September 25: Twitter alerted us to The Kelly Clarkson Show and its dystopian in-studio zoom audience.
September 27: The New York Times confirmed that we all pay more taxes than Trump.
October 2: Some dude punched Rick Moranis in the face.
October 2: Claudia Conway told TikTok her mom had COVID-19.
October 5: Fringe conspiracy theorists tried to convince us that Trump is an immortal alien who got COVID-19 as a cover to shapeshift.

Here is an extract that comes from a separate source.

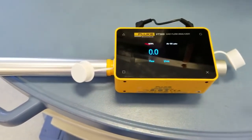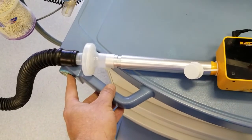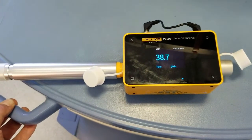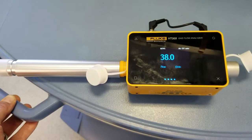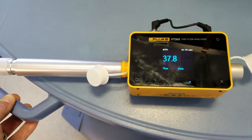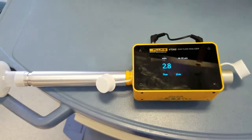We'll hit the square button and bring up the flow in liters per minute. I'm going to depress the O2 — that's my flush valve — so I'm flushing at 38.0 liters a minute. Then I'll let go of that and we'll do a mixed gas test.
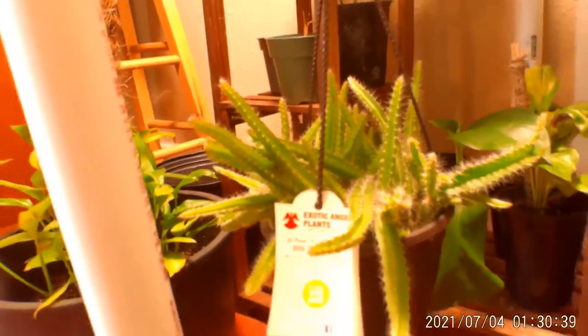I found this in the clearance section — a little unicorn raffidophora, which is one of the shingling raffidophoras. I'm going to show y'all how to rescue this little one. I also found some dog tail cactus, which is exciting because I'm going to be propagating it. And I also just picked up some thyme from the garden to make propagations for my begonias.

Makes sense.
October 5: Nigerian activists launched the #ENDSARS movement, the country’s largest mass protest in almost a decade, calling for the end of corrupt policing.
October 6: Wendy Williams said “cornova.”
October 6: Astrophysicists told us that supermassive black holes might really be ‘traversable’ wormholes, whatever that means.
October 18: AMC said you can now rent an entire movie theater for $99.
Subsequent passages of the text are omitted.